On paper — or in Terraform code — this looked flawless. But infrastructure as code is only as good as its runtime behavior. Would it actually scale under load? Handle failures gracefully? That was the litmus test.

Watching Health Checks in Action

After a terraform apply, the stack came to life. The ALB’s DNS name resolved in my browser, serving the Django app. Success! But digging into the AWS Console revealed a hiccup: one instance in the target group was marked “unhealthy.”

Panic set in briefly — was my config broken? Then, the ASG kicked in: it terminated the unhealthy instance and spun up a replacement. The new one initialized, passed health checks after a few cycles, and joined the pool.

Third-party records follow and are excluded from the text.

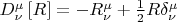 $\[D_\nu ^\mu  \left[ R \right] =  - R_\nu ^\mu   + \frac{1}{2}R\delta _\nu ^\mu  \]$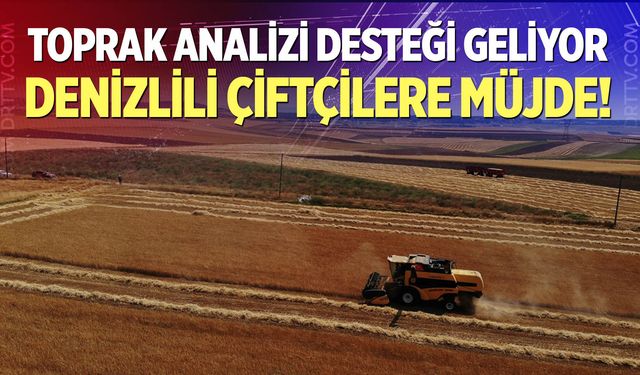 Denizlili Çiftçiye Toprak Analizi Desteği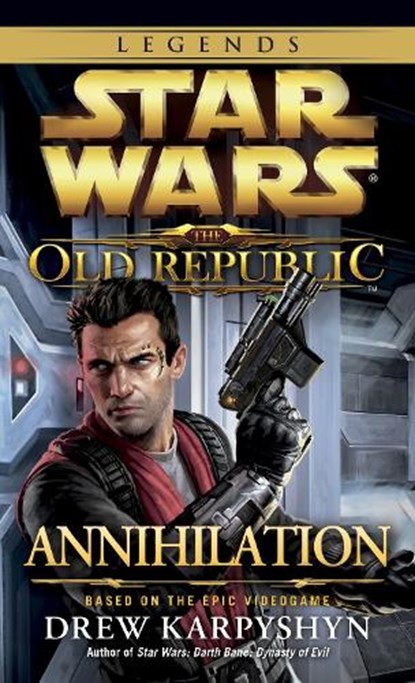 Annihilation: Star Wars Legends (The Old Republic), Drew Karpyshyn - Paperback - 9780345529428
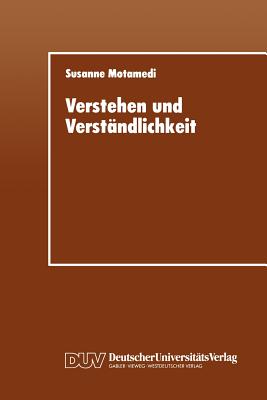 Verstehen Und Verstndlichkeit: Eine Psycholinguistische Studie Zum Verstehen Von Fhrungsgrundstzen in Wirtschaftsunternehmen - Klein, Susanne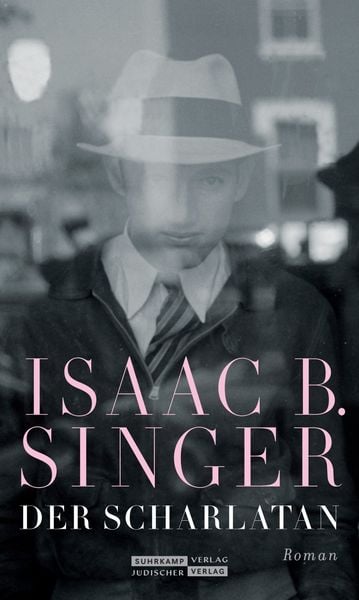 Der Scharlatan, Gebundene Ausgabe von Isaac Bashevis Singer, Jüdischer Verlag, 978-3-633-54308-3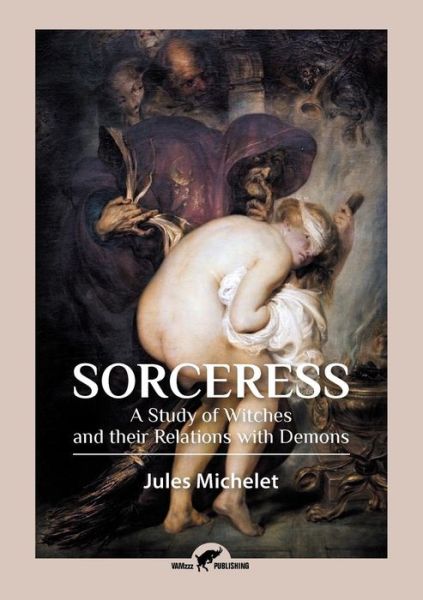 Sorceress - Jules Michelet - Książki - Vamzzz Publishing - 9789492355249 - 26 lipca 2017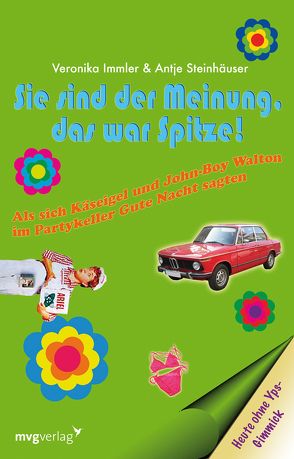 Sie sind der Meinung das war spitze! von Immler,  Veronika, Steinhäuser,  Antje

The culprit? Bootstrapping time. The user data script took ~2–3 minutes to install Docker, pull the image (a few hundred MB), and start the container. During this window, health checks failed, triggering the ASG’s replacement logic. It wasn’t a bug; it was the system self-healing.

This moment was revelatory. High availability isn’t about perfection — it’s about detection and recovery. The infrastructure wasn’t brittle; it was resilient, proactively addressing issues before they impacted users.

Applying Load with Apache JMeter

Theory validated, now for scalability. I fired up Apache JMeter on my local machine to simulate traffic. Starting with 10 concurrent users ramping to 100, I hammered the ALB endpoint with GET requests.

At first… crickets. No new instances launched. CloudWatch showed CPU peaking at 40% — below my 70% threshold. Lesson learned: Scaling isn’t triggered by “busy-ness” alone; it’s metric-driven. The app was handling the load efficiently, so why add capacity?

To force the issue, I temporarily lowered the threshold to 50% and re-ran the test. CPU spiked, alarms fired, and the ASG bumped desired capacity to 3. I watched in the console as the new instance launched, bootstrapped, registered with the target group, passed health checks, and started receiving traffic. The ALB distributed requests evenly, CPU stabilized, and the system hummed.

It was exhilarating — seeing abstract concepts like “elasticity” manifest in logs and metrics.

Observing Scale-In and Connection Draining

Post-test, I halted JMeter. CPU plummeted, triggering the scale-in policy. But termination wasn’t abrupt: The ASG initiated connection draining, giving active sessions (up to 300 seconds) to complete before deregistering the instance from the ALB.

No dropped connections, no user disruption — just a graceful contraction. This underscored controlled scaling: Not just growing, but shrinking efficiently to optimize costs without chaos.

Understanding What “Highly Available” Really Means

Pre-project, I equated high availability with “multiple servers.” Now, I see it as a symphony of interdependent components:

  • The ALB distributes load and enforces health, acting as the vigilant gatekeeper.

  • The ASG monitors and adjusts capacity, replacing failures automatically.

  • CloudWatch metrics and alarms provide the intelligence for proactive decisions.

  • NAT Gateways ensure backend connectivity without compromising security.

  • Private subnets enforce isolation, minimizing attack surfaces.

It’s about clear roles and failover paths. AZ failure? Traffic reroutes. Instance crash? Auto-replacement. Load surge? Scale out. Downtime? Minimal, if any.

The beauty is in the predictability — no heroics required; the system adapts quietly.

Closing the Loop

With testing complete, a terraform destroy wiped the slate clean, reclaiming resources and closing the experiment. This project transformed my perspective: Cloud architecture isn’t rote memorization of services — it’s designing for behavior under stress.

For aspiring DevOps engineers or cloud architects, I recommend this: Build it, break it, observe it. Documentation pales against the clarity of real-time metrics and auto-recovery in action. High availability isn’t a checkbox; it’s a lived experience that builds intuition for crafting truly resilient systems.